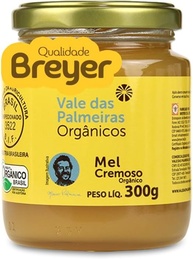 Mel Cremoso Orgânico Fazenda Vale das Palmeiras 300g - imagem 2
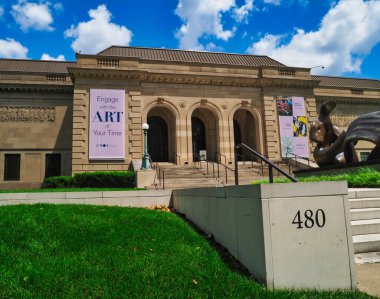 CMA Columbus Sanat Müzesi Ohio ABD 2023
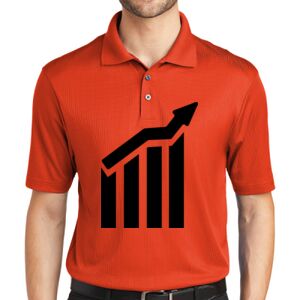 Performance Fine Jacquard Polo Thumbnail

==*==

What to do: Leave every image out when you return the material above word for word.

Response area:
 Mel Cremoso Orgânico Fazenda Vale das Palmeiras 300g - imagem 2
 CMA Columbus Sanat Müzesi Ohio ABD 2023
 Performance Fine Jacquard Polo Thumbnail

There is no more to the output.